Não sei se o argumento de que o Rokkie tem deveres e, por isso, direitos, se afigure cogente aos olhos dos que defendem a indissociabilidade de direitos e deveres.

Para mim, talvez seja mais claro que essa premissa é que é pura e simplesmente falsa. Como é o caso das crianças, que têm direitos mas nenhuns deveres.

Miguel Serras Pereira disse...

Caro Miguel M:

democraticamente, é problemático falar de direitos dos animais ou "de animais".
Com efeito, em democracia, são os cidadãos os autores ou criadores das instituições e das leis que lhes conferem direitos. A participação igualitária no exercício do governo e no funcionamento das instituições é o poder que tutela e garante os direitos de cada um - obra humana, não dado natural.
Assim, em rigor, não participando os outros animais nas deliberaçõess e decisões colectivas, poderão ser objecto de deveres democraticamente fixados, mas não de direitos (democráticos).

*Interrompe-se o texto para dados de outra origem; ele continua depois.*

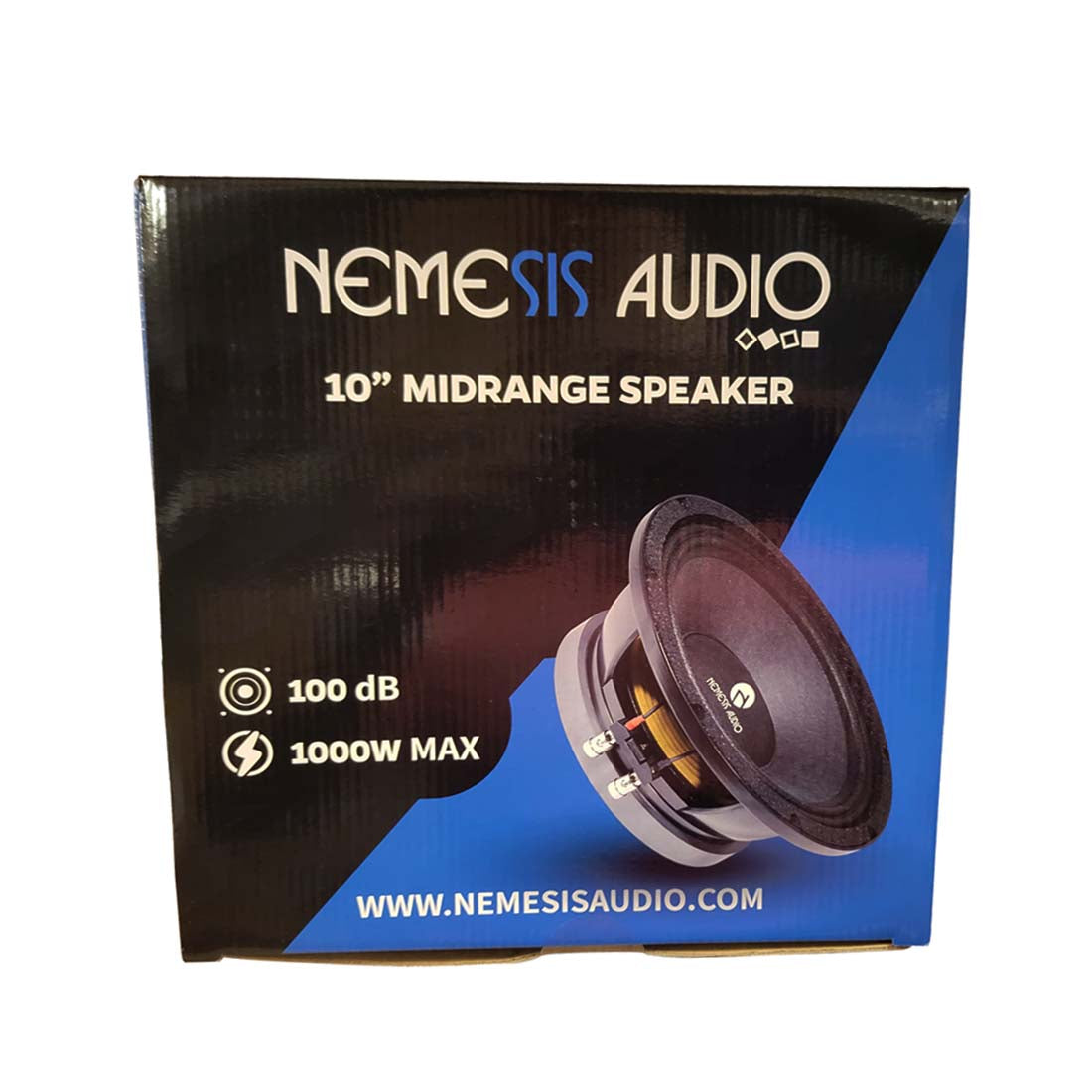 Nemesis Audio NA-10MR 10" 1000W Peak 4-Ohm 3" Voice Coil Car Midrange Speaker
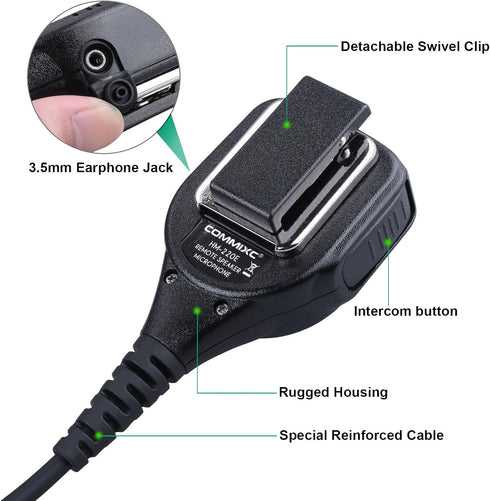 Shoulder Mic, Waterproof IP55 Handheld Speaker Mic with External 3.5mm Earpiece Jack, Compatible with Motorola Two-Way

Mas não se lhes aplica a velha máxima de uma das versões da Internacional: "não mais deveres sem direitos / não mais direitos sem deveres".
Ou engano-me muito, camarada?

Um abraço para ti

miguel sp

agent disse...

Acrescentaria que os animais têm um comportamento amoral e logo, jamais poderão ser titulares de direitos, por nem sequer respeitarem os direitos uns dos outros. Veja-se o caso da predação que faz parte das suas necessidades de sobrevivência.

Miguel Madeira disse...

"Acrescentaria que os animais têm um comportamento amoral"

Não, não têm - leu bem o meu post? Os animais que vivem em bandos não têm um coprtamento amoral; têm regras que regulam a interação entre os membros do bando.

"por nem sequer respeitarem os direitos uns dos outros. "

Como não? Se numa luta entre lobos, um deles fizer o sinal de rendição deitando-se no chão de barriga para cima e exibindo o pescoço, o adversário abstêm-se de continuar a mordê-lo (mesmo podendo matá-lo com uma dentada no pescoço exposto).

E os animais respeitam não apenas direitos "negativos" mas também "postivos" como "assistência social": quando os mabecos ficam velhos e perdem os dentes, por vezes os membros mais novos da matilha mastigam-lhes a comida que depois regurgitam.

Suspeito que o que o "agent" quer dizer é que os animais não respeitam direitos de animais de outra espécie, mas mesmo isso não é totalmente correcto: p.ex., a domesticação consiste em grande parte em o animal domesticado passar a considerar os humanos (ou alguns humanos) como membros honorários da sua matilha/rebanho/etc. (por alguma razão praticamente só houve um caso relevante de sucesso na domesticação de um animal solitário).